Slide 1:

Today we will introduce an important class of problems: those solvable by a
nondeterministic program that runs in polynomial time.
In the next lecture, we will identify the hardness problems among them, and give
evidence that many problems can't be solved quickly.

Slide 2:

First, let us introduce a few problems on graphs.

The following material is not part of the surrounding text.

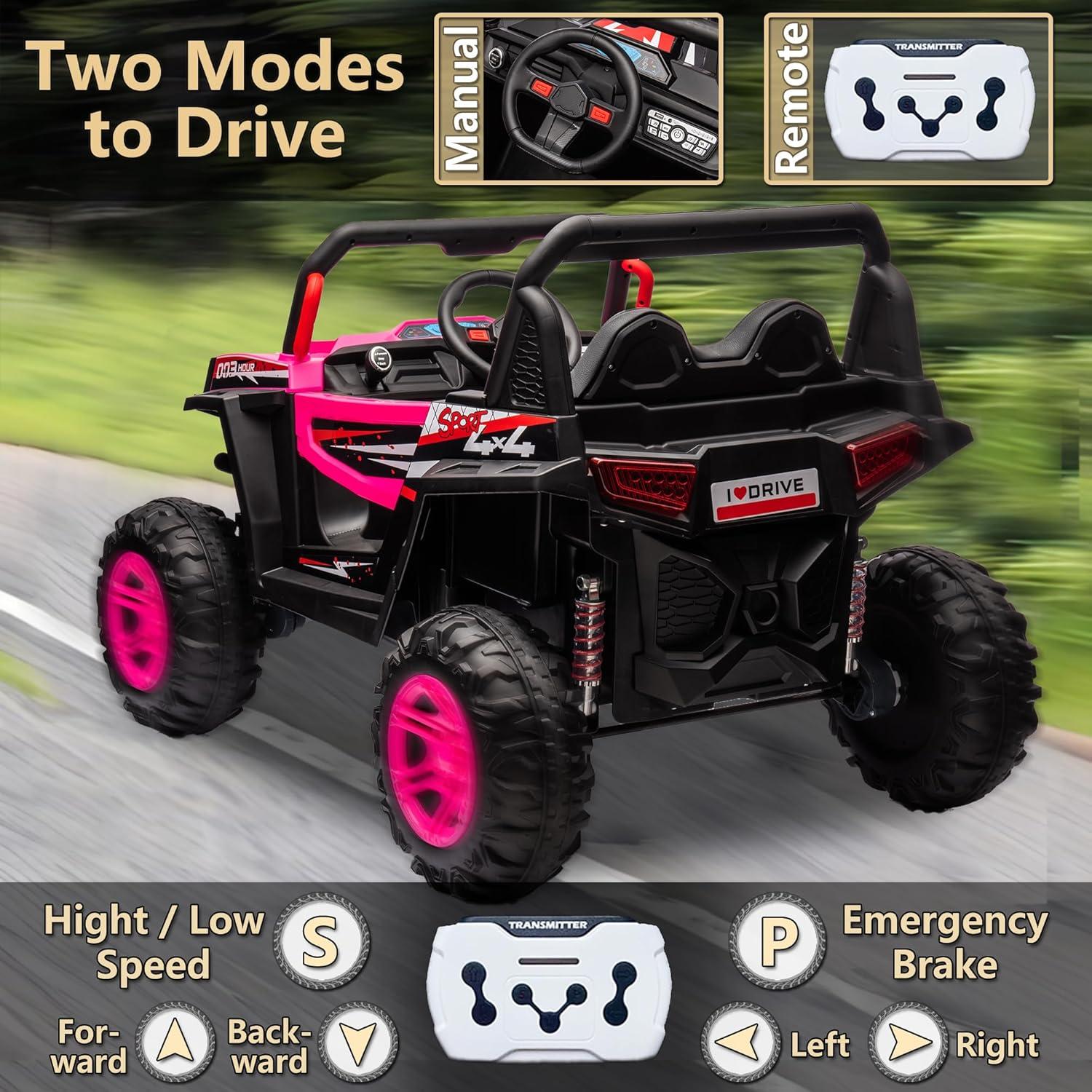 24V Pink 2-Seater Off-Road UTV Ride-On Car with Remote Control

A clique is a subset of vertices that are pairwise adjacent.
For example, {2,3,4} is a clique in the graph here, because these three vertices
are all adjacent to each other.

An independent set is a subset of vertices that are pairwise non-adjacent.
{1,3} is an independent set in the graph here, because there is no edge between
node1 and node 3.

A vertex cover is a set of vertices that touches all the edges in the graph.
{3,4} is a vertex cover in the graph here, because all edges in this graph has
at least one end point belonging to the set {3,4}.

Slide 3:

There are a few natural graph problems related to the concepts we introduced on
the previous slide.

One question is to find the largest clique in the graph.
If the graph is a social network graph, say friendship relationship on Facebook,
then a clique may correspond to a community where every member is a friend of
any other member.
And finding the largest clique corresponds to finding the largest community.

In this course, the computational problems we look at are decision problems -
questions with a yes/no answer.
So we will rephrase the task of finding the largest clique into the following
yes/no question:
Given a graph G and an integer k, does the graph contain a clique of k vertices?
This decision problem is denoted as CLIQUE.
Or more formally, CLIQUE consists of yes instances to the decision problem,
namely all graphs G and integer k, such that G contains a clique of size k.
As we will see later, the decision version of the clique problem is closely
related to the search version of the problem (of finding the largest clique).

Analogously, we can look at the Independent Set problem: Given a graph G and an
integer k, does G contain an independent set of size k?
Again, this decision problem corresponds to the search problem of finding the
largest independent set in a graph.

We will also look at the Vertex Cover problem: Given a graph G and an integer k,
does G contain a vertex cover consisting of k vertices?
This decision problem corresponds to the search problem of finding the smallest
vertex cover in a graph.

Note that Clique and Independent Set are maximization problems: we look for the
largest clique and independent set.
Vertex Cover is a minimization problem: we look for the smallest vertex cover.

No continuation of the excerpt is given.